== What the task asks ==
All lines at and after the one containing "Dandelion girl", up to the end of the listing below, are to be printed exactly, with the pictures omitted.

== Supplied information ==

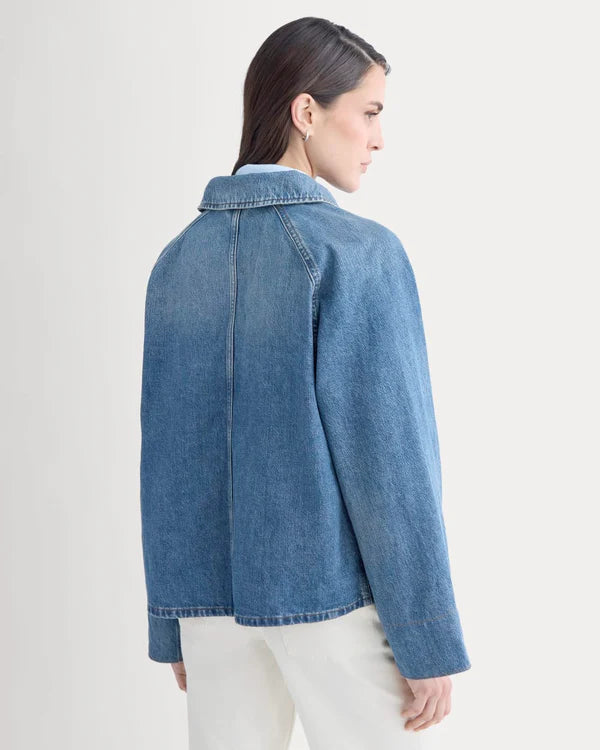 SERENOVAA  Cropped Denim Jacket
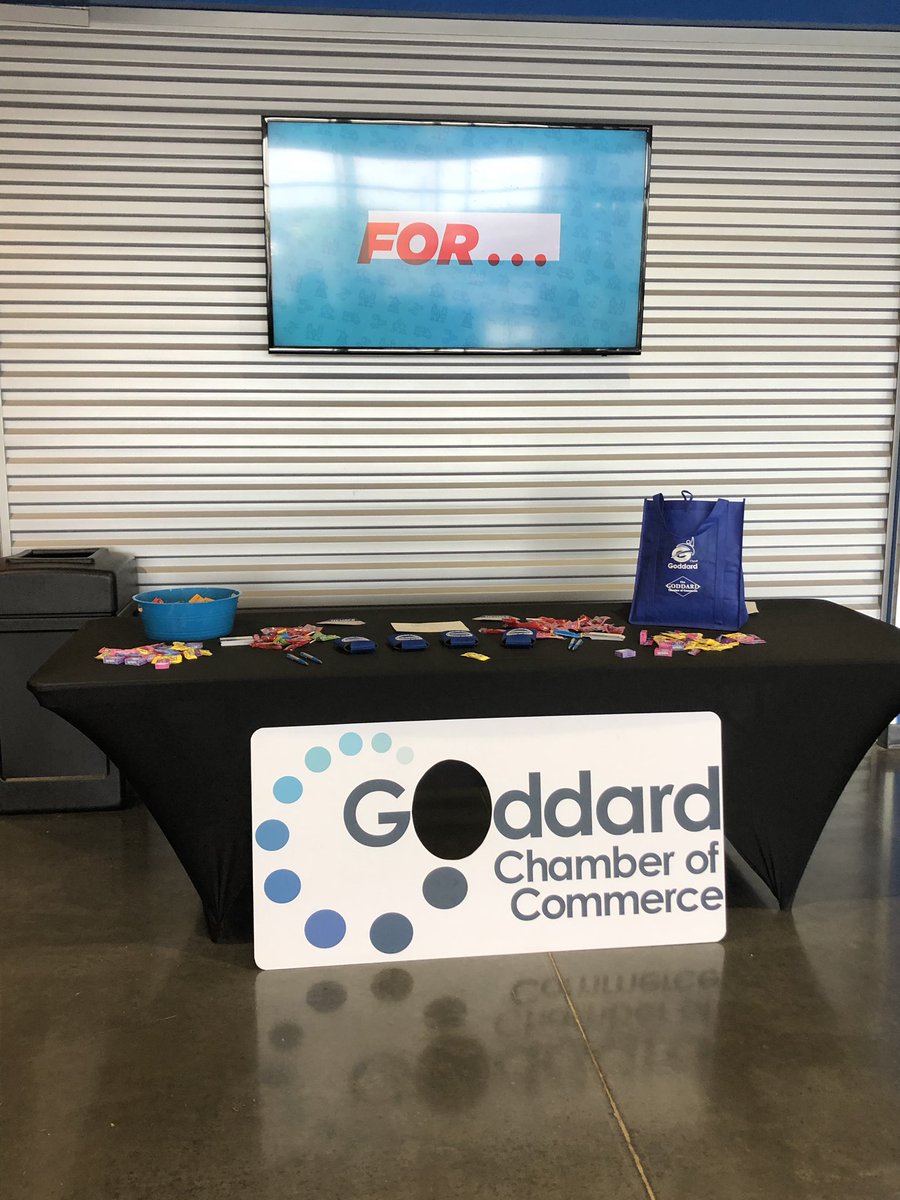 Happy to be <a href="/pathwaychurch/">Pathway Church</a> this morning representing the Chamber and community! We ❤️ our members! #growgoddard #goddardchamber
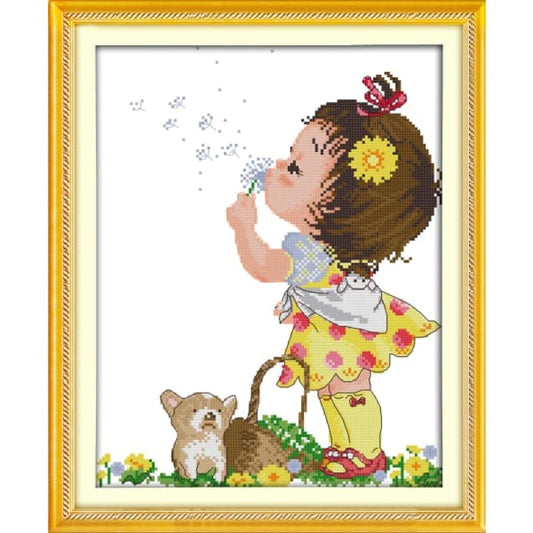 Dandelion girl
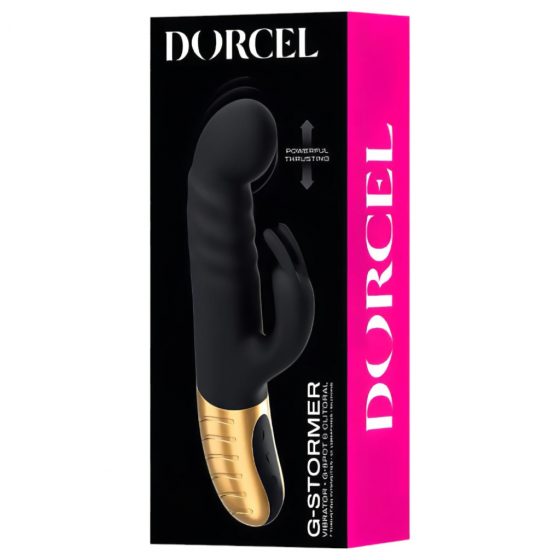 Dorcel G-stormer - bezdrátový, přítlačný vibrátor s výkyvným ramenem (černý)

== Expected answer ==
 Dandelion girl
 Dorcel G-stormer - bezdrátový, přítlačný vibrátor s výkyvným ramenem (černý)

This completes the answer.